### [TASK STATEMENT]
Using the entries below, give the count of lines that hold "https". Say nothing besides the number.

====== RECORDS SUPPLIED

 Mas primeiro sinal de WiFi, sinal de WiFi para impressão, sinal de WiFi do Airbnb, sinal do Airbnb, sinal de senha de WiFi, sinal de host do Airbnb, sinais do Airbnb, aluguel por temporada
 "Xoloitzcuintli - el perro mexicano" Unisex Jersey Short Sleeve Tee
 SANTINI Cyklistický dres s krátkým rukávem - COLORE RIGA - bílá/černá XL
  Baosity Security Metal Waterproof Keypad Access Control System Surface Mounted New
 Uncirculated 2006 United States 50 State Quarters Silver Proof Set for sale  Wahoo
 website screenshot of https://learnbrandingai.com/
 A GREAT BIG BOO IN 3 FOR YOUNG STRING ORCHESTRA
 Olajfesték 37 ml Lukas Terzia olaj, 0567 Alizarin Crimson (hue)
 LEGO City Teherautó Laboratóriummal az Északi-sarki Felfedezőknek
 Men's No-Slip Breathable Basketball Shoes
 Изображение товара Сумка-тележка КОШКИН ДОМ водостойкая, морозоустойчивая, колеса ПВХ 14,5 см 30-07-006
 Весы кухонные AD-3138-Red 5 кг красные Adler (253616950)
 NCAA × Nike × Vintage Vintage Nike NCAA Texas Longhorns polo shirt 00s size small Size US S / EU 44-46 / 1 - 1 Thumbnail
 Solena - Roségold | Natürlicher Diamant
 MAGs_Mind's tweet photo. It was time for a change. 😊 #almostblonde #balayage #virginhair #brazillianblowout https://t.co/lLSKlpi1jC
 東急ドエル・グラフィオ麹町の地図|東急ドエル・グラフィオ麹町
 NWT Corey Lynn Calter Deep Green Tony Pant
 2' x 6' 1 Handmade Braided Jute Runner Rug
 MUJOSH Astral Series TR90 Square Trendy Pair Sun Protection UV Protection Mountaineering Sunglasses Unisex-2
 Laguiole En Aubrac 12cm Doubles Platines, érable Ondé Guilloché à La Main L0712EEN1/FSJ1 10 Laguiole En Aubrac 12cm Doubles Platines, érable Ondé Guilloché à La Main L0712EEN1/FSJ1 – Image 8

============

### [PROBLEM SOLUTION]
2